◆ Work to be completed
Please copy only the material from the line that has "SIX SEVEN - Merry" to the very last line, both ends included, exactly as written and without pictures.

◆ Data
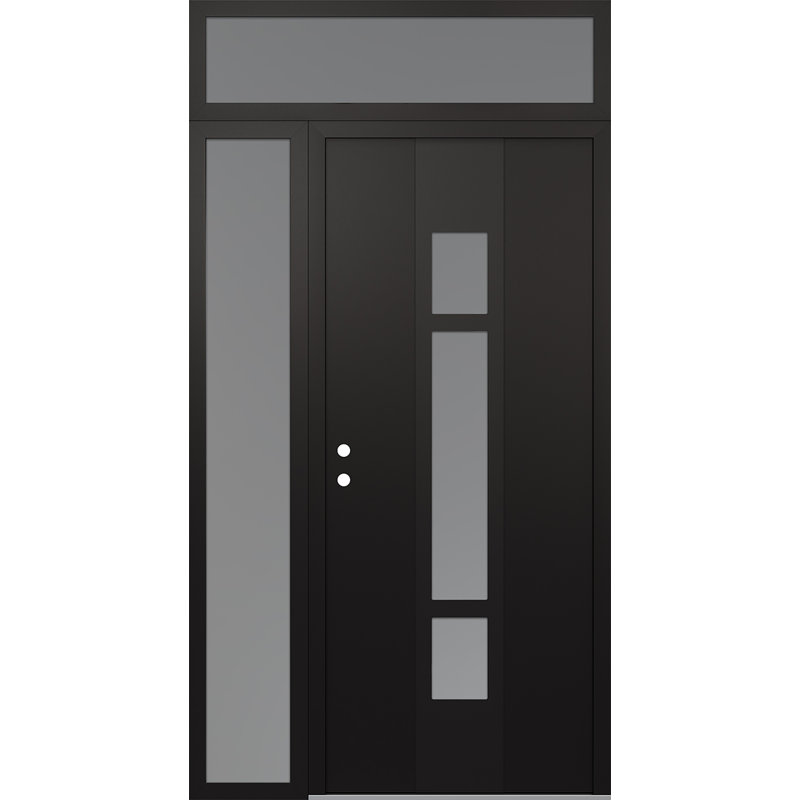 Porte d'entrée avant à panneau en acier Diamond A9 avec panneau latéral et traverse, Droite / vers l'intérieur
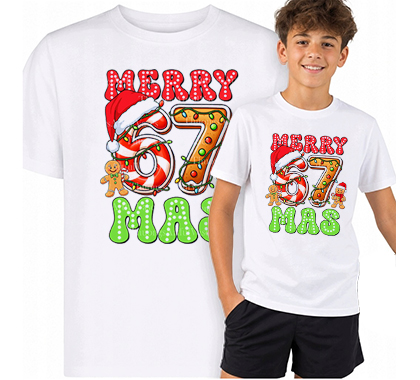 SIX SEVEN - Merry Christmas - biele detské tričko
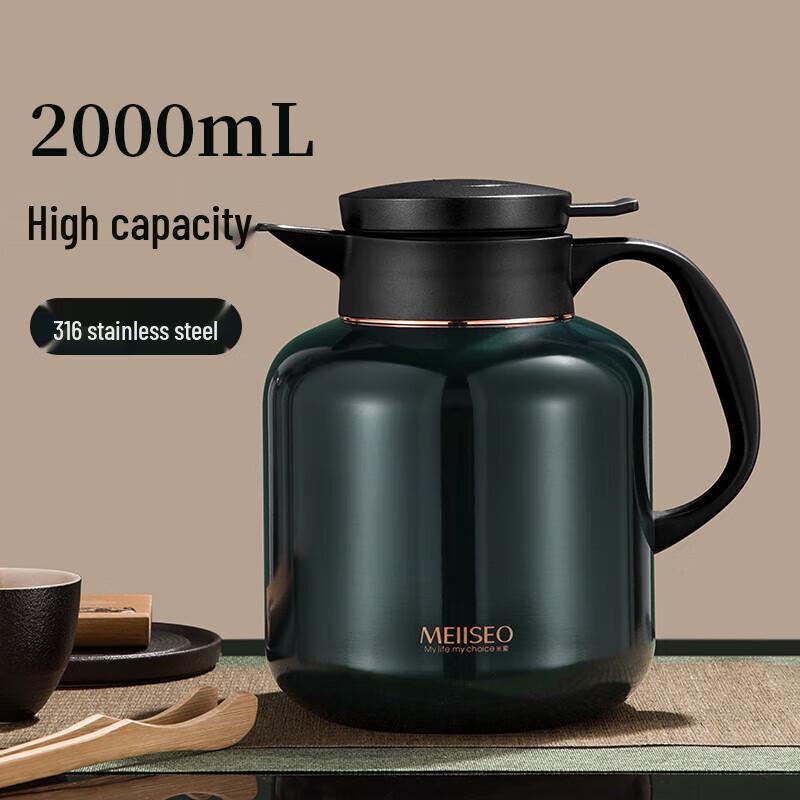 MEIISEO 2L 316 Stainless Steel Insulated Stewing Teapot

◆ Answer section
 SIX SEVEN - Merry Christmas - biele detské tričko
 MEIISEO 2L 316 Stainless Steel Insulated Stewing Teapot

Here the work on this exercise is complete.